>>>
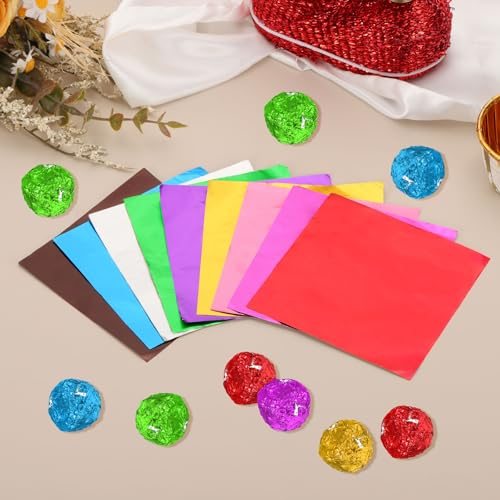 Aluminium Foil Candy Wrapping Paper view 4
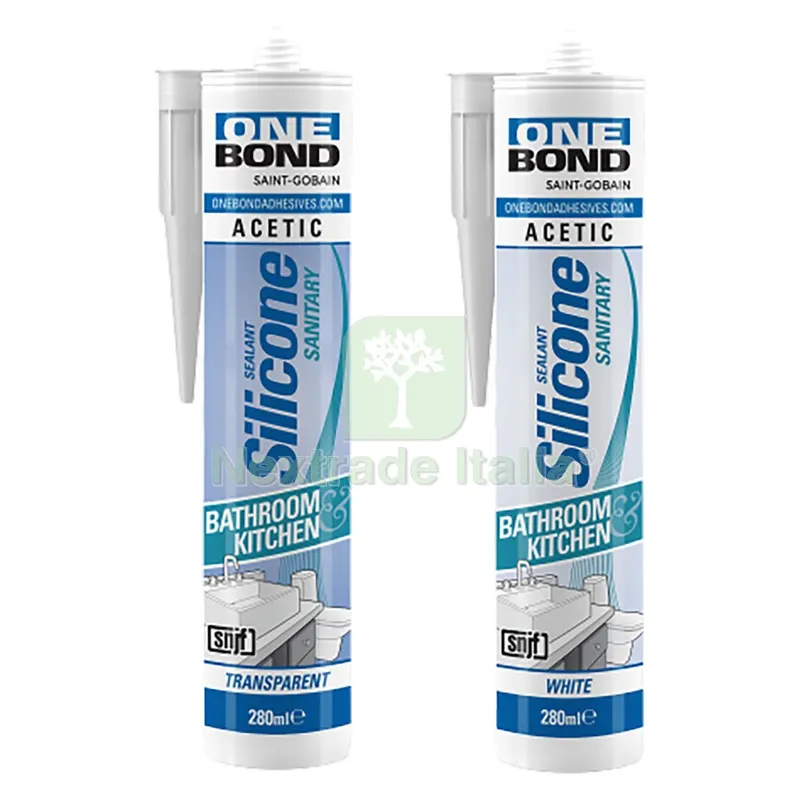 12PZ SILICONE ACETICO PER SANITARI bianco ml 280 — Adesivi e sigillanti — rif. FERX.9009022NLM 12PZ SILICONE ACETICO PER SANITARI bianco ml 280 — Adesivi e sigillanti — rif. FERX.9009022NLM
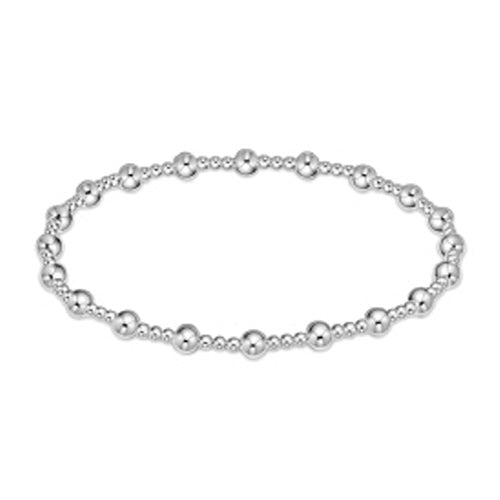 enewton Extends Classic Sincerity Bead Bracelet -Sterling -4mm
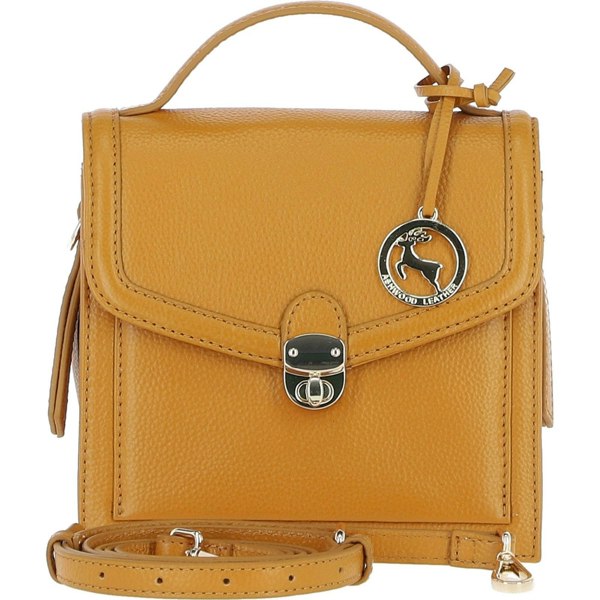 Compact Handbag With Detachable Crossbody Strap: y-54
<<<
▶ _THE TASK_
Everything from the line with "enewton Extends Classic" through the last line of the listing should be retyped exactly, with both end lines kept and the pictures left out.

▶ _EXERCISE RESULT_
 enewton Extends Classic Sincerity Bead Bracelet -Sterling -4mm
 Compact Handbag With Detachable Crossbody Strap: y-54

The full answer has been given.